The load-balancer list is populated from the list of endpoints for the Kubernetes service in the default namespace:

kubectl get endpoints kubernetes

gifted-cricket-25537

11/01/2023, 4:38 PM

yeah, since I restarted all nodes at once - to test this scenario - there was only one node active - I assume, but new nodes were never added as they came up

gifted-cricket-25537

11/01/2023, 4:40 PM

Also raised this https://github.com/rancher/rke2/issues/4975 to summarize my findings

creamy-pencil-82913

11/01/2023, 5:21 PM

You’d need to check that endpoint list to confirm that it’s doing the right thing. I suspect that some of the apiservers are getting overloaded with the rush of clients, which causes the issues you’re seeing - the excessive client-side throttling, and removal of servers from the endpoint list.

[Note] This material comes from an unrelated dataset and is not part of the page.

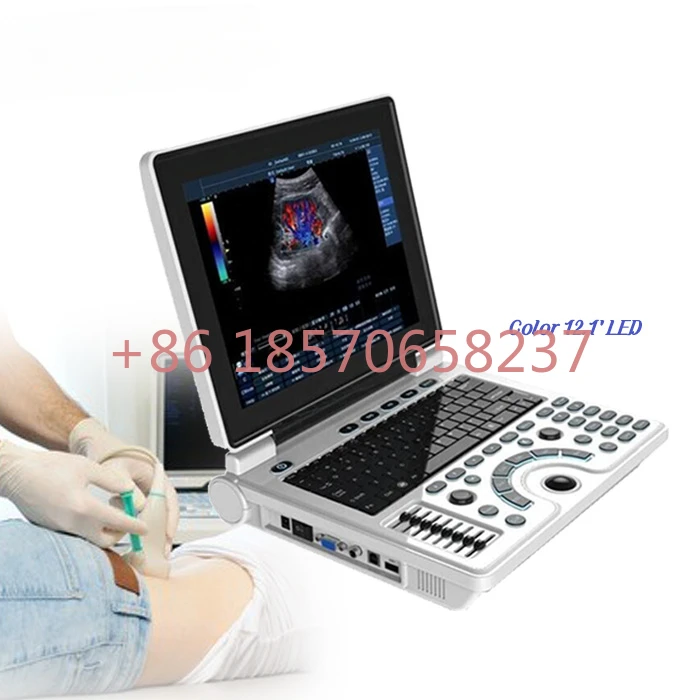 

Cheap Ecograph Laptop notebook Portable Black and White medical original ultrasound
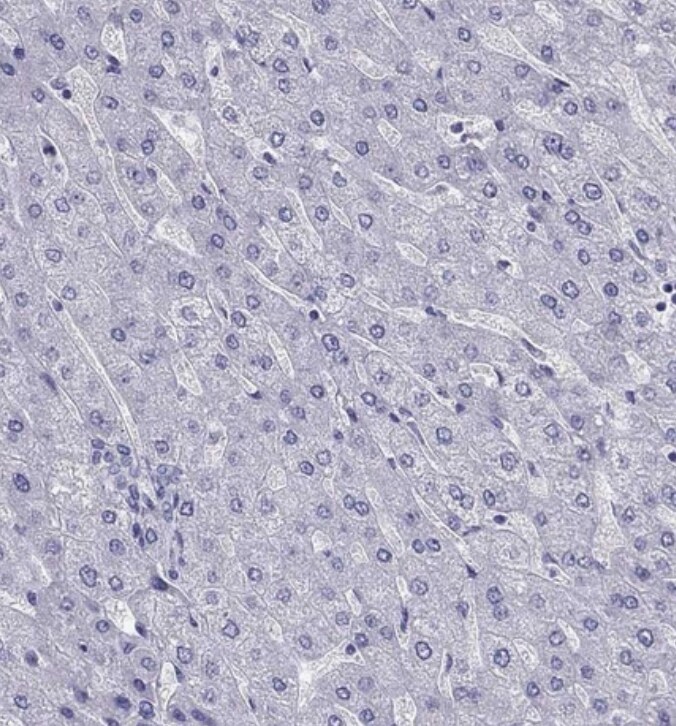 KCNJ10 Antibody - BSA Free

You might check to see if some of the apiserver static pods are crashing and restarting?

creamy-pencil-82913

11/01/2023, 5:22 PM

the load-balancer switches servers whenever a backend cannot be dialed successfully, it doesn’t know anything about the state of requests going through the connection. If it is able to connect, but the resulting requests hang, it will never switch backends.

gifted-cricket-25537

11/01/2023, 5:25 PM

for the latter, I get it, although in the end it's misleading for the agent as it can't perform the action it wants and retries the same apiserver again and again without luck

gifted-cricket-25537

11/01/2023, 5:25 PM

let me do another round of restart and show the endpoint status

gifted-cricket-25537

11/01/2023, 5:31 PM

the apiserver pods btw are stable, I have in total 36 cores for the apiservers (+controller managers), so I would assume that should be enough 🙂

gifted-cricket-25537

11/01/2023, 5:41 PM

Now containerd wasn't started on etcd nodes.

Copy code

Nov 01 17:36:37 production-island10-overcloud-etcd-2 rke2[708]: time="2023-11-01T17:36:37Z" level=info msg="Waiting for cri connection: rpc error: code = Unavailable desc = connection error: desc = \"transport: Error while dialing dial unix /run/k3s/containerd/containerd.sock: connect: no such file or directory\""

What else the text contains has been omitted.